Unità Aristotele

Lezione L’ontologia, la teoria della sostanza e la teologia

Dio e la teologia

Una volta chiarita la struttura delle sostanze sensibili come individui empirici, Aristotele affronta il problema dell’esistenza, accanto alle sostanze sensibili, di sostanze immateriali o sovrasensibili. Infatti la forma, come espressione della sostanza nel più alto senso metafisico, non può mancare di esistenza. Questo non vale ovviamente per le forme empiriche e individuali (non dimentichiamo infatti che l’esistenza non è un predicato della realtà), ma solo per la forma come principio causale e fondamento dell’universo, cioè dal punto di vista cosmologico. Le conclusioni di Aristotele relative all’esistenza di una forma pura rappresentano una diretta conseguenza dei caratteri che egli ha attribuito all’essere: se questo deve presentarsi come una totalità organica sorretta da relazioni causali, allora, per non cadere nel regresso all’infinito, bisogna ammettere una causa prima. Questa causa non può essere né la materia, la quale è pura potenzialità, né il sinolo che è particolare e, contenendo la materia, ha in sé qualcosa che è ma può anche non essere. Essa deve dunque essere una forma pura, che corrisponde al puro atto scevro di ogni potenzialità.

Solo l’atto puro è pienezza d’essere perché non ha nulla al di fuori di sé, ma costituisce anzi ciò a cui ogni essere particolare tende. Come atto realizzato, cioè come entelechia, il principio dell’universo è Dio, immobile ed eterno come il mondo stesso. Aristotele chiama il principio divino “motore immobile” che muove il mondo come l’oggetto d’amore attrae l’amante, mentre tutte le altre cose muovono muovendosi esse stesse. L’ultimo significato della metafisica o filosofia prima è dunque la scienza del divino o teologia, e poiché il movimento che Dio imprime al mondo è dovuto non a una sua causalità efficiente, ma alla causalità finale del principio come atto puro, la teologia aristotelica si configura come teleologia o scienza dei fini ultimi dell’universo.

Riguardo alla teologia/teleologia aristotelica si deve osservare quanto segue.

  1. Dio non è per Aristotele separato dal mondo; non c’è una spaccatura o un distacco tra lui e il mondo, ma vi è anzi una relazione gerarchica di continuità.
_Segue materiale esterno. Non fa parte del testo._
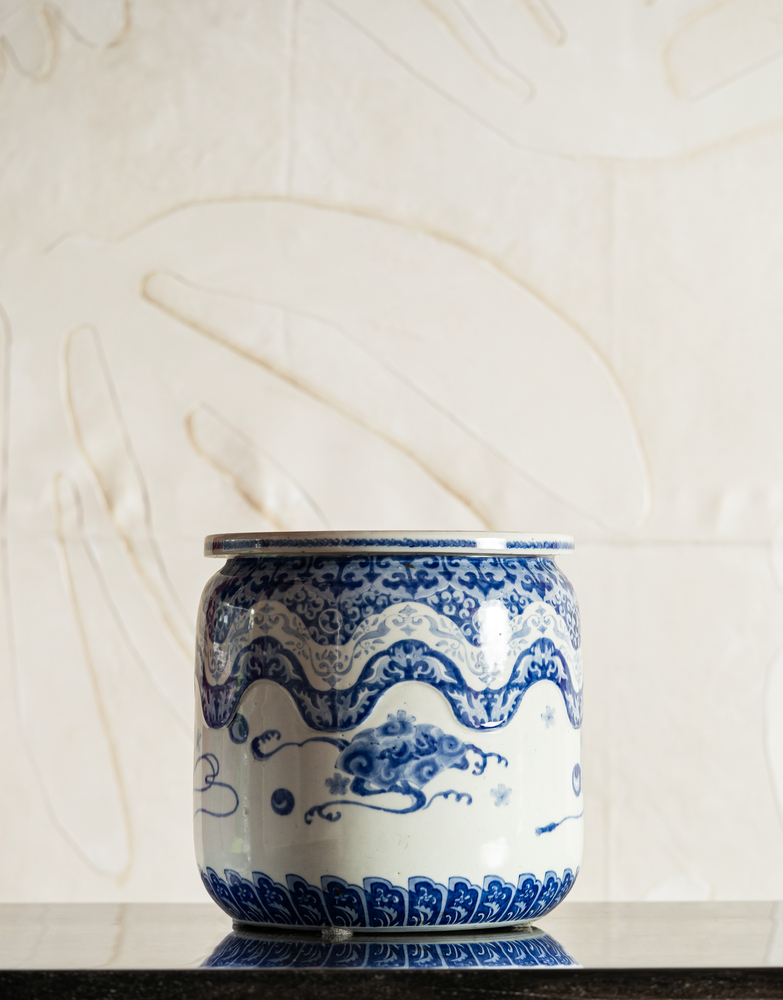 Cachepô ou aquecedor de chá em porcelana esmaltada - Imagem 2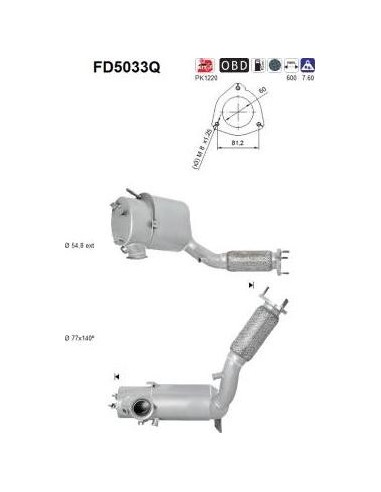 Filtro de partículas diésel AS FD5033Q para SEAT / VOLKSWAGEN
Il Dio aristotelico, dunque, non è propriamente creatore ex nihilo, ma solo “generatore” del tempo e del movimento, che sono eterni e continui come lo stesso principio.
  2. Il rapporto tra Dio e il mondo riflette la duplicità che si presenta nella stessa nozione di essere e che percorre tutta la filosofia aristotelica. Come l’essere è al tempo stesso univoco ed equivoco secondo i punti di vista – logico oppure metafisico-ontologico – da cui lo si coglie, così il divino è contemporaneamente immanente come significato o fine delle cose e trascendente come principio unico del tutto.
  3. Oltre a rappresentare il primo motore immobile, Dio è pensiero puro in atto, cioè “pensiero di pensiero” rivolto solo a sé stesso. Questo significa che, così come non ama il mondo ma è amato, allo stesso modo egli non rivolge il suo pensiero alle cose mondane se non indirettamente, vale a dire attraverso quella “continuità meccanica” che lo lega al mondo 9. Un simile rapporto di corrispondenza/trascendenza tra Dio e il mondo fa della teologia aristotelica una sorta di panteismo moderato in cui, accanto all’impersonalità del divino che si diffonde nella natura, riaffiora costantemente la sua personificazione quasi teistica come intelligenza e atto, ovvero, accanto al monismo, riemerge continuamente il dualismo e viceversa. Ciò è dovuto al fatto che, diversamente da Platone, nella metafisica aristotelica manca un principio autenticamente sintetico come quello analogico-proporzionale, in grado di render ragione – pur nella differenza ontologica tra il divino e le cose mondane – della fondamentale unità dell’essere.